# Your objective
Leave the pictures out and reproduce, exactly, the lines from the one with "Threshold™ - Image 7" through the end of the entries below.

# Task data
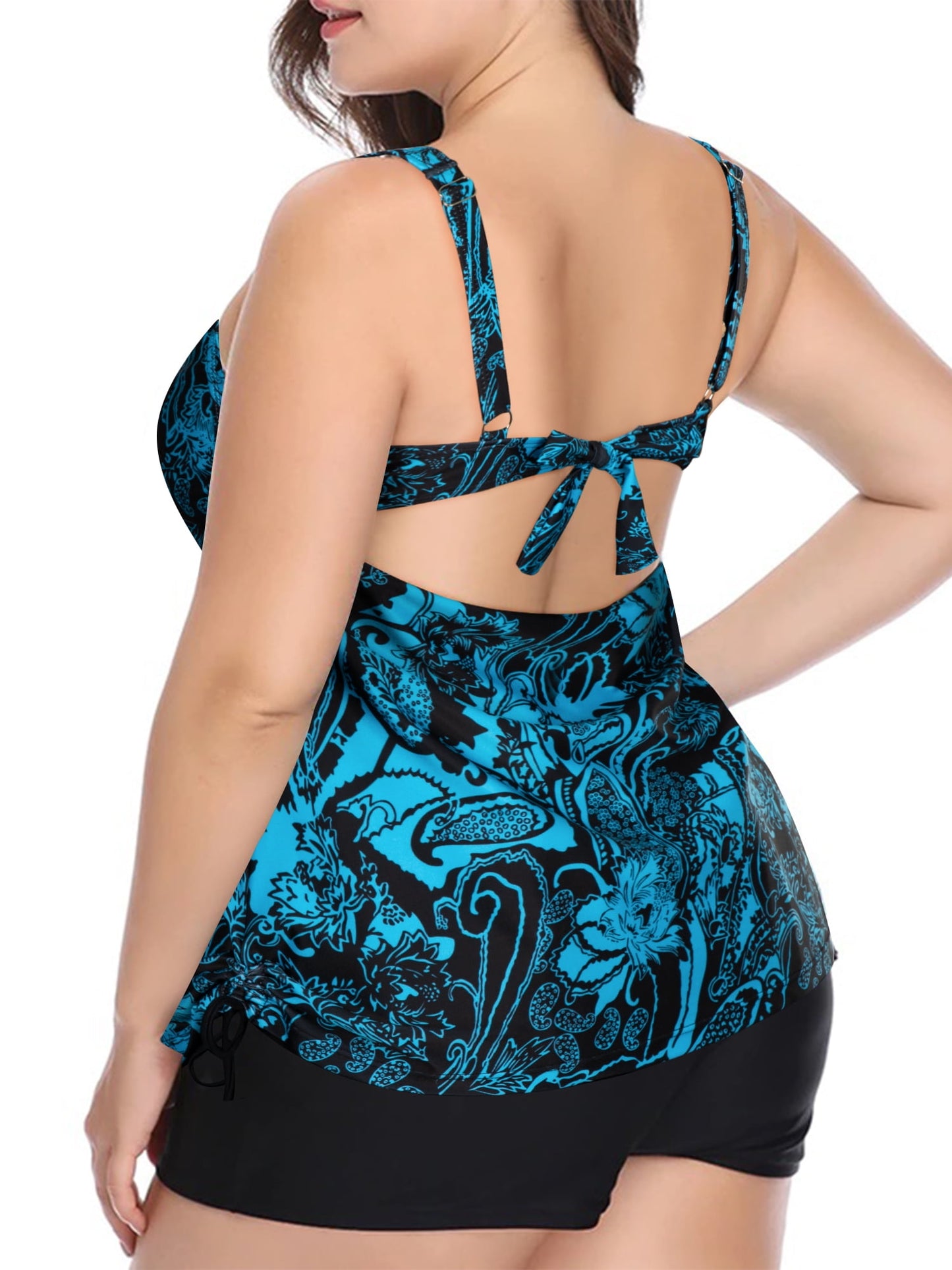 Plus Size Bathing Suits Paisley Print Two Piece Tankini Swimsuits with Shorts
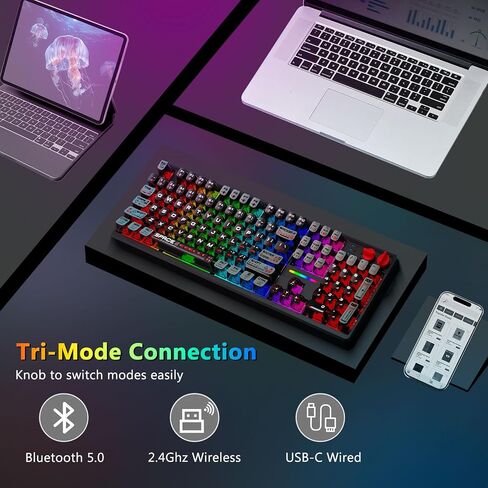 E-YOOSO Wireless Mechanical Keyboard Creamy, Cyber Mecha Style, Black in Kuwait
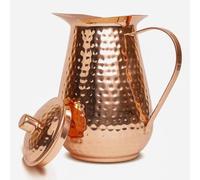 Artisan’s Anvil Copper Pitcher w/Copper Handle and Lid, Pure 100% Hammered Vessel, Heavy Duty Copper Jug, Handmade, 70 fl. Oz, Best for Water, Ayurveda, Moscow Mule, Cocktails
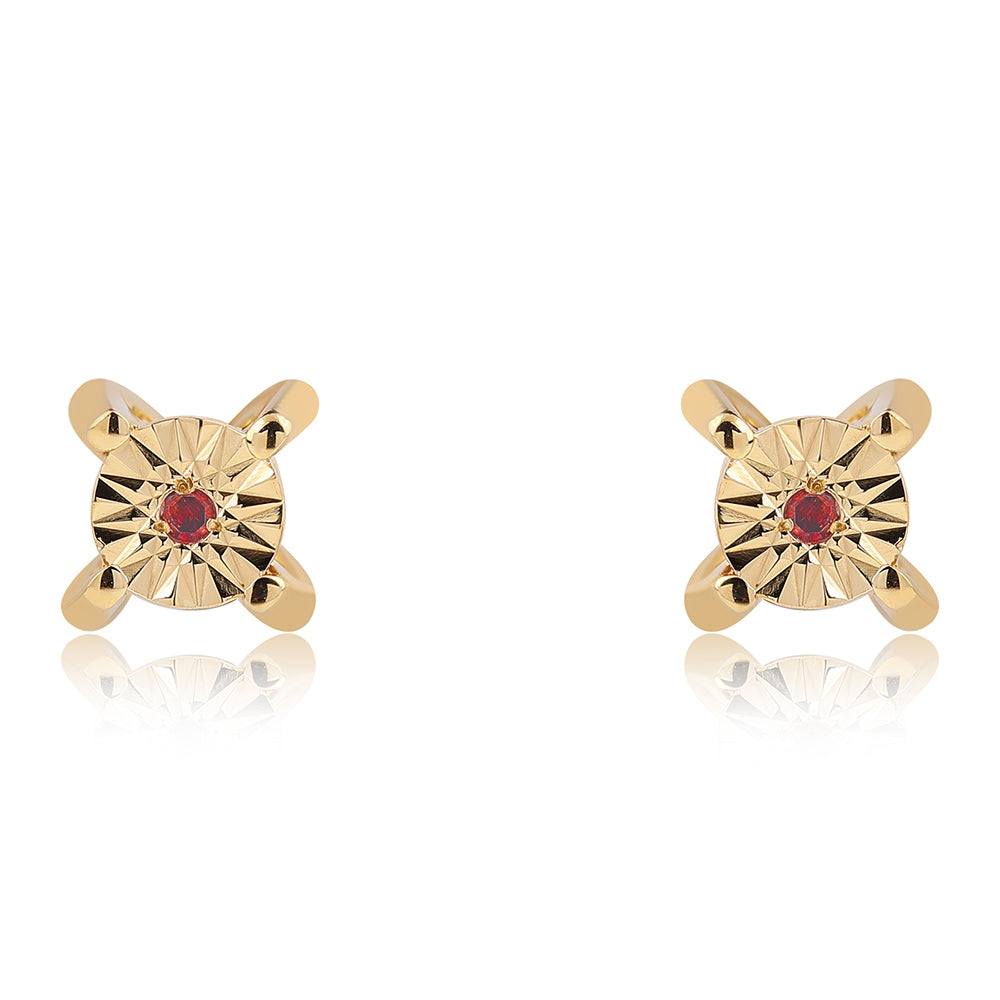 Pozlátené Strieborné Sada s Červeným Diamantom ( Náušnice+Prsteň +Prívesok )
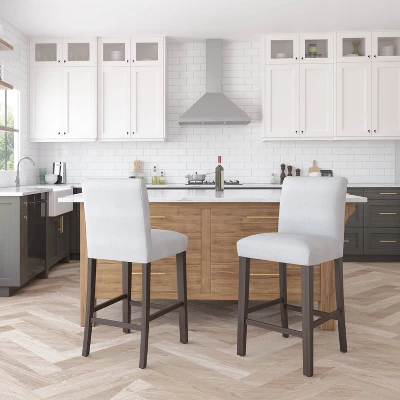 30" Velvet Parsons Barstool Wood - Threshold™ 9 30" Velvet Parsons Barstool Wood - Threshold™ - Image 7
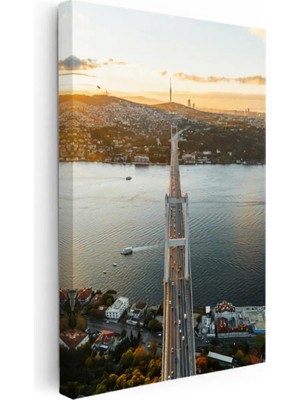 Kanvas Tablo Istanbul Boğaz Köprüsü ve Trafik Akışı Şehir Mimari Tablo Ev Ofis Duvar Dekoru 35 x 50 Kanvas Tablo 1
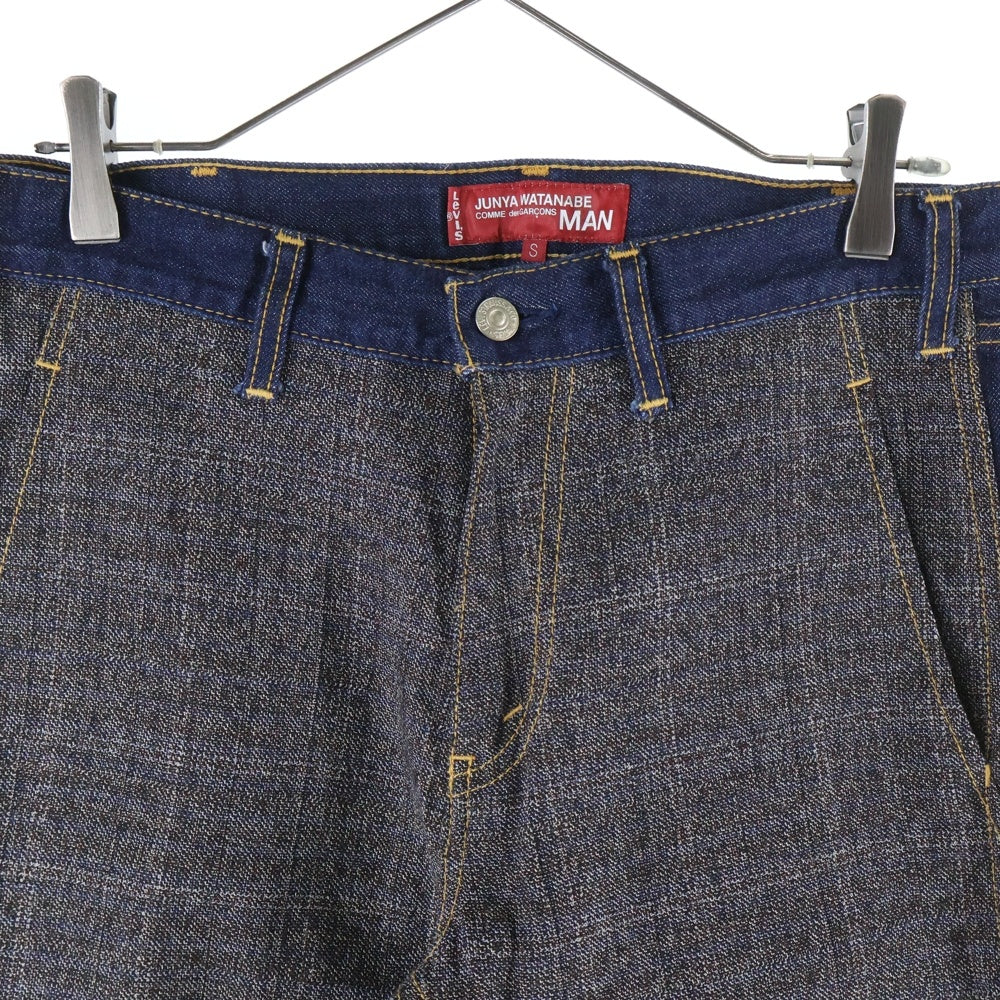JUNYA WATANABE COMME des GARCONS(ジュンヤワタナベ コムデギャルソン) ×LEVIS リーバイス 再構築 ストレートデニムパンツ ブラウン/インディゴ WR-P205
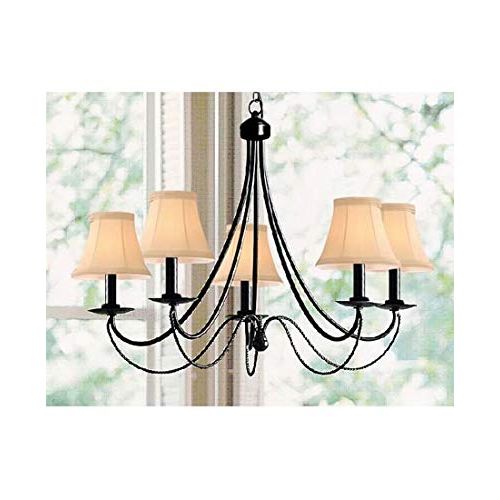  Jojospring Iron 5-Light Black Chandelier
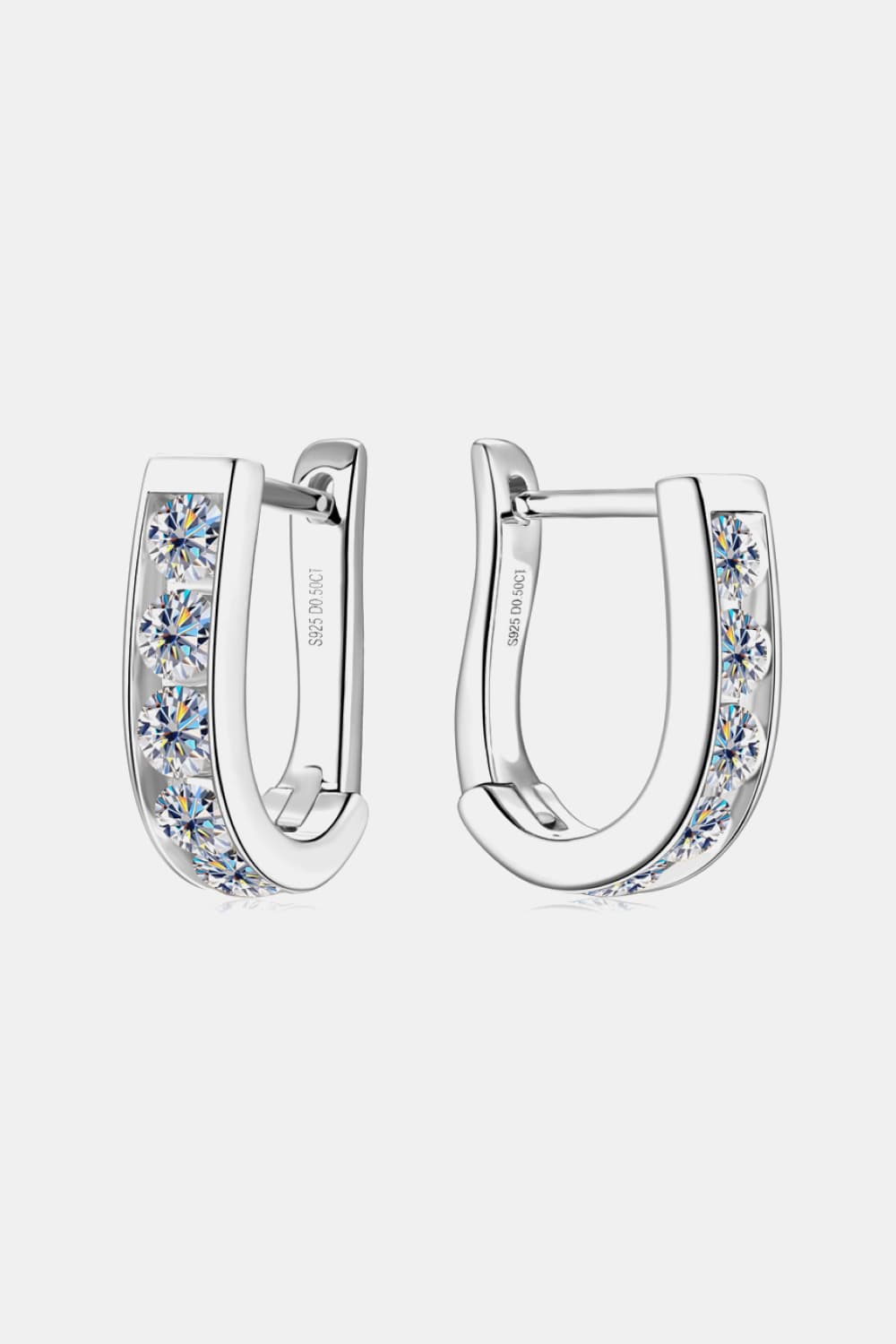 1 Carat Moissanite 925 Sterling Silver Inlaid Loop Earrings - Gold, Silver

# Answer for this exercise
 30" Velvet Parsons Barstool Wood - Threshold™ 9 30" Velvet Parsons Barstool Wood - Threshold™ - Image 7
 Kanvas Tablo Istanbul Boğaz Köprüsü ve Trafik Akışı Şehir Mimari Tablo Ev Ofis Duvar Dekoru 35 x 50 Kanvas Tablo 1
JUNYA WATANABE COMME des GARCONS(ジュンヤワタナベ コムデギャルソン) ×LEVIS リーバイス 再構築 ストレートデニムパンツ ブラウン/インディゴ WR-P205
  Jojospring Iron 5-Light Black Chandelier
 1 Carat Moissanite 925 Sterling Silver Inlaid Loop Earrings - Gold, Silver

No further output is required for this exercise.